Billy Ivison

Personal information
- Full name: William Harold Ivison
- Born: 5 June 1920 Hensingham, England
- Died: 12 March 2000 (aged 79) Hensingham, England

Playing information
- Weight: 13 st 7 lb (86 kg)
- Position: Loose forward
Club
| Years | Team | Pld | T | G | FG | P |
| 1945–1959 | Workington Town | 385 | 63 | 8 | 0 | 205 |
Representative
| Years | Team | Pld | T | G | FG | P |
| 1947–1957 | Cumberland | 13 | 3 | 0 | 0 | 9 |
| 1949–1952 | England | 4 | 0 | 0 | 0 | 0 |
| 1952 | Great Britain | 1 | 0 | 0 | 0 | 0 |

Coaching information
Club
| Years | Team | Gms | W | D | L | W% |
|  | Workington Town |  |  |  |  |  |
- Source:

Association football career

Senior career*
- Years: Team / Apps / (Gls)
- 1945: Gillingham / 1

= Billy Ivison =

English rugby league player (1920–2000)

William Harold Ivison (5 June 1920 – 12 March 2000) was an English professional association football and rugby league footballer who played in the 1940s and 1950s. He played club level association football for Gillingham F.C., and representative level rugby league (RL) for Great Britain, England and Cumberland and at club level for Workington Town, as a .

==Background==
Ivison was born in Hensingham, Cumberland, England, and he died aged 79 in Hensingham, Cumbria, England.

==Playing career==
===Club career===
Ivison played and won the Lance Todd Trophy in Workington Town's 18–12 victory over Featherstone Rovers in the 1952 Challenge Cup Final during the 1951–52 season at Wembley Stadium, London on Saturday 19 April 1952, in front of a crowd of 72,093, and played loose forward in the 12–21 defeat by Barrow in the 1955 Challenge Cup Final during the 1954–55 season at Wembley Stadium, London on Saturday 30 April 1955, in front of a crowd of 66,513.
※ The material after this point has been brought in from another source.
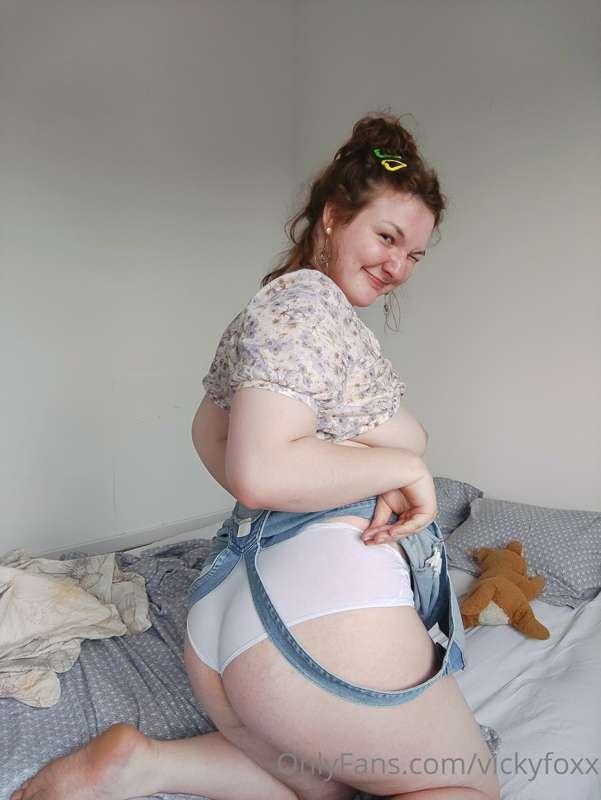 vickyfoxx image #4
===Representative honours===
Ivison won caps for England while at Workington Town in 1949 against Wales, and Other Nationalities, in 1951 against Other Nationalities, in 1952 against Other Nationalities.

Ivison represented Great Britain while at Workington Town in 1952 against France (non-Test matches).

Along with William "Billy" Banks, Edward "Ted" Cahill, Gordon Haynes, Keith Holliday, Robert "Bob" Kelly, John McKeown, George Parsons and Edward "Ted" Slevin, Ivison's only Great Britain appearances came against France prior to 1957, these matches were not considered as Test matches by the Rugby Football League, and consequently caps were not awarded.

Ivison represented Cumberland while at Workington Town. He played loose forward, and scored a try in Cumberland's 5–4 victory over Australia in the 1948–49 Kangaroo tour of Great Britain and France match at the Recreation Ground, Whitehaven on Wednesday 13 October 1948, in front of a crowd of 8,818.

==Honoured in Workington==
Ivison Lane in Workington is named after Ivison.